╭─ Listed records

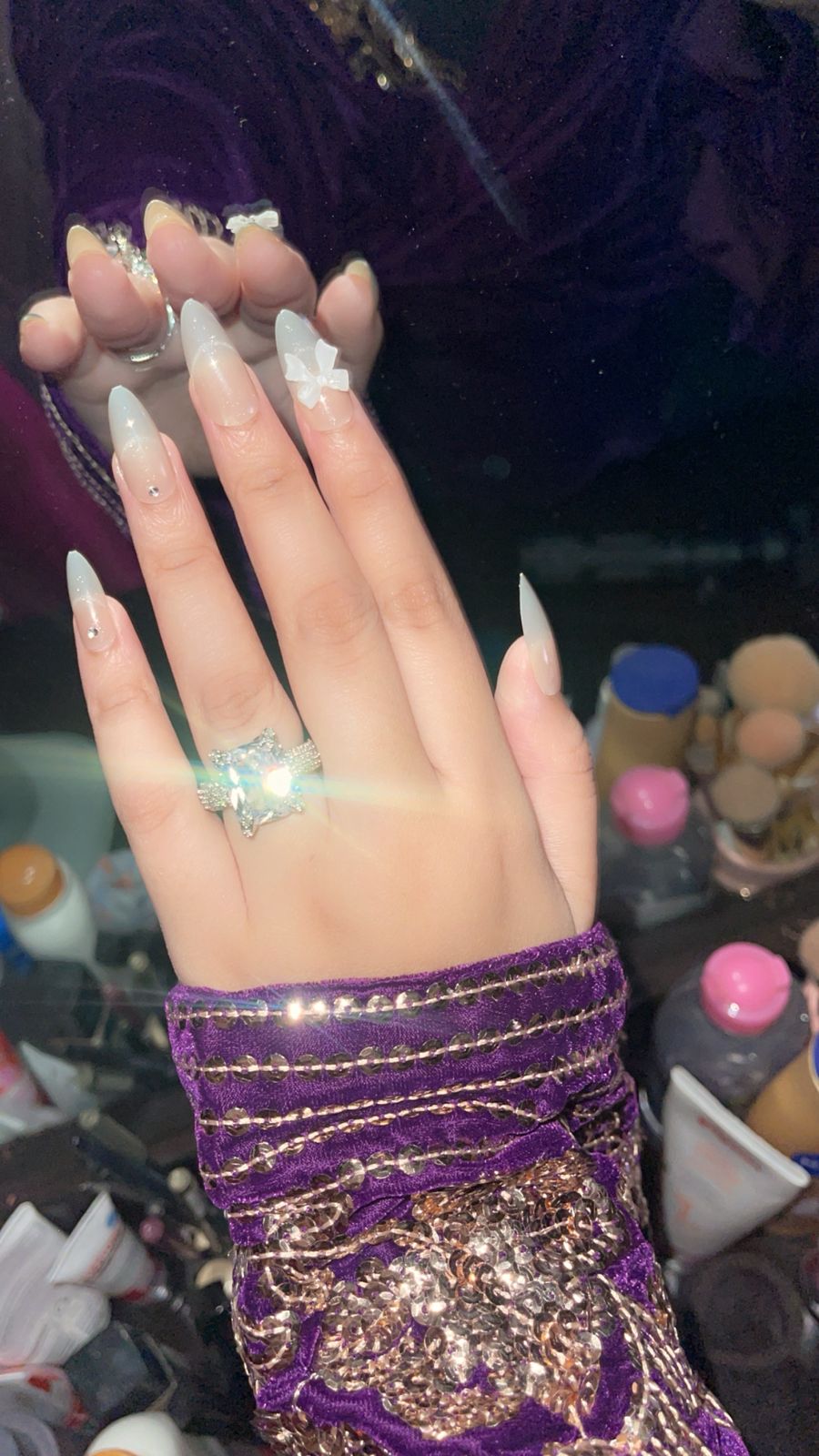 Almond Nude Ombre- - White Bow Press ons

╰─
╭─ Listed records

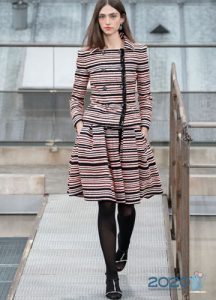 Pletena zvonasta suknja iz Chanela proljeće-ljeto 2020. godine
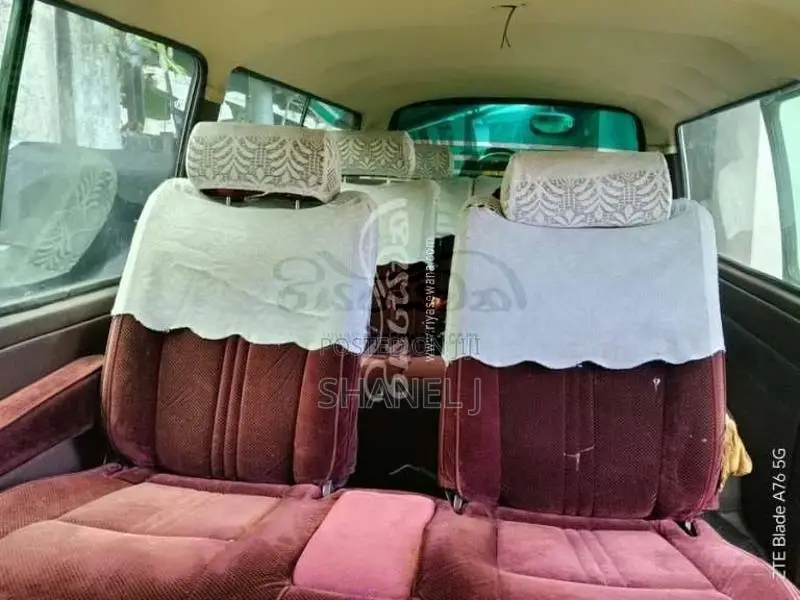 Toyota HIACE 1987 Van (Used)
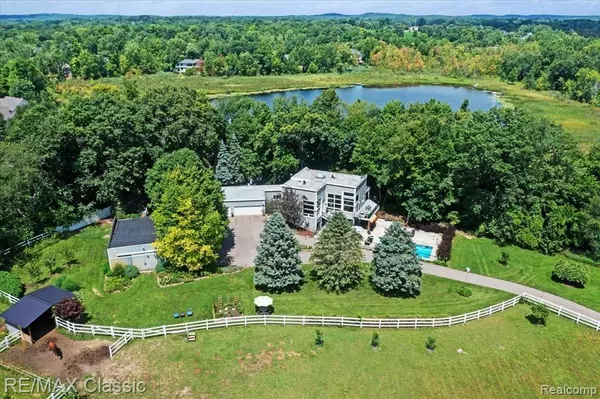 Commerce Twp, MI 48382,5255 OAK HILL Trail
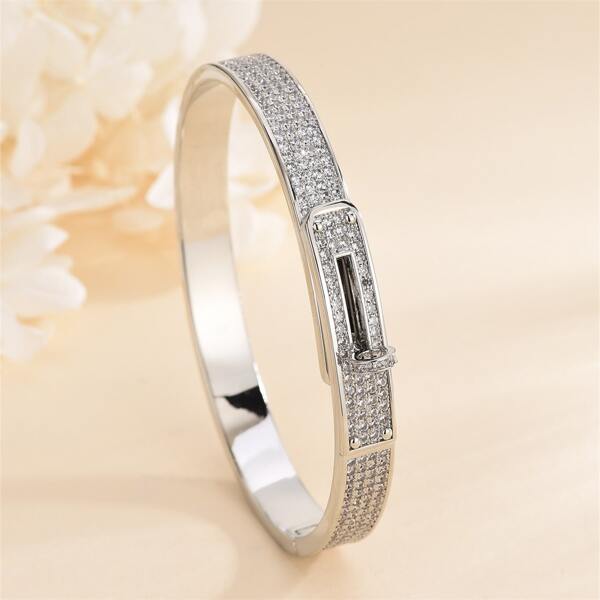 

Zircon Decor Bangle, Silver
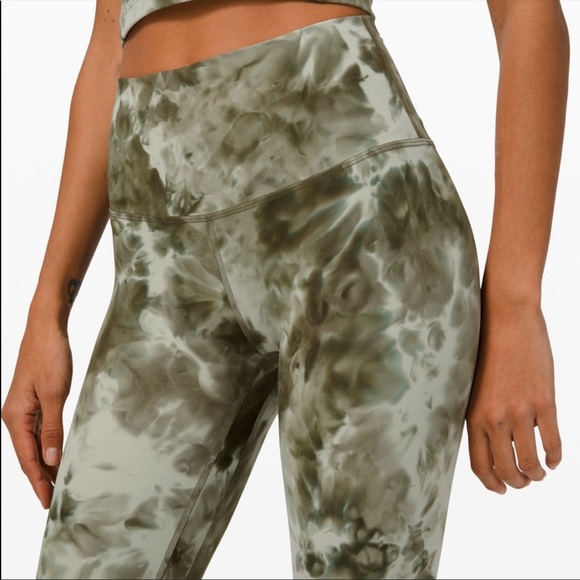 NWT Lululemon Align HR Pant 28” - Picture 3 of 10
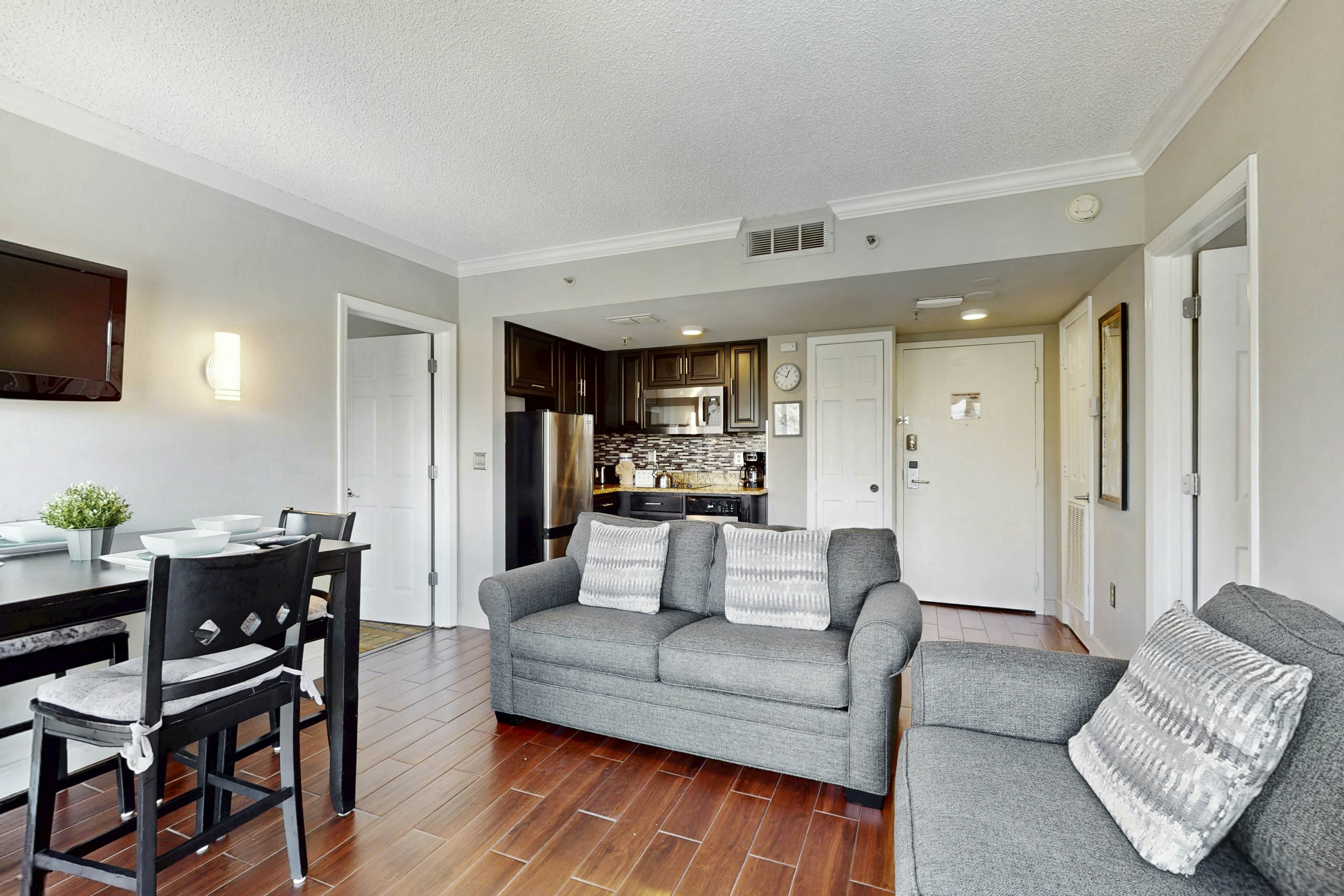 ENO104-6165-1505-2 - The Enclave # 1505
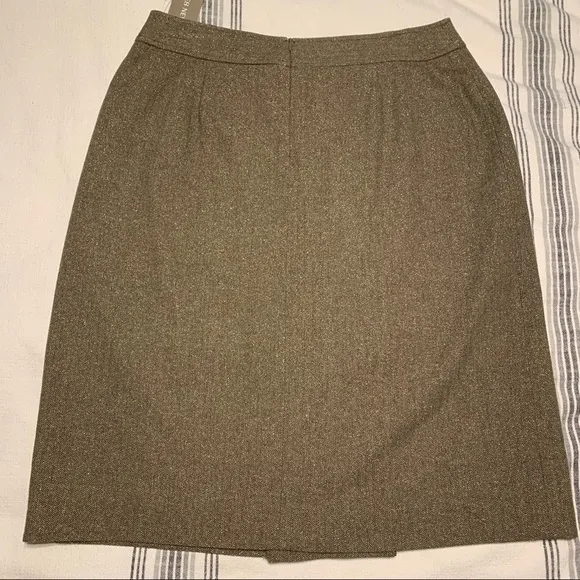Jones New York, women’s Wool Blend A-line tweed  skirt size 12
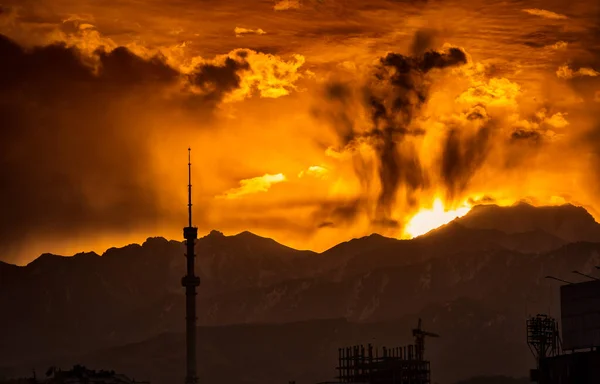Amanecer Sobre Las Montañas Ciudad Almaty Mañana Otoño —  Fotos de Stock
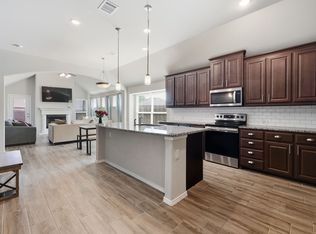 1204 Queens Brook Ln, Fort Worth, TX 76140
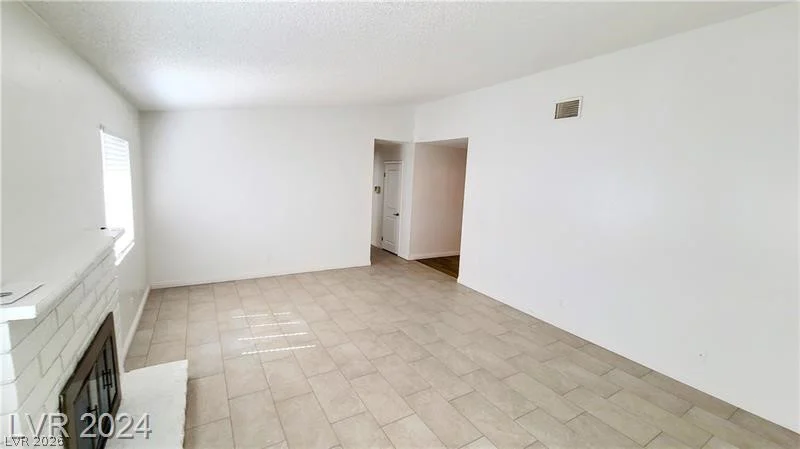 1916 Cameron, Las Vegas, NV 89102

╰─

#### What you will do:
Go to the line above that has "Toyota HIACE 1987 Van (Used)" and copy exactly from there down to the line that has "1916 Cameron, Las Vegas, NV 89102", both included. Leave the pictures out.

#### Result for this task:
 Toyota HIACE 1987 Van (Used)
 Commerce Twp, MI 48382,5255 OAK HILL Trail

Zircon Decor Bangle, Silver
 NWT Lululemon Align HR Pant 28” - Picture 3 of 10
 ENO104-6165-1505-2 - The Enclave # 1505
Jones New York, women’s Wool Blend A-line tweed  skirt size 12
Amanecer Sobre Las Montañas Ciudad Almaty Mañana Otoño —  Fotos de Stock
 1204 Queens Brook Ln, Fort Worth, TX 76140
 1916 Cameron, Las Vegas, NV 89102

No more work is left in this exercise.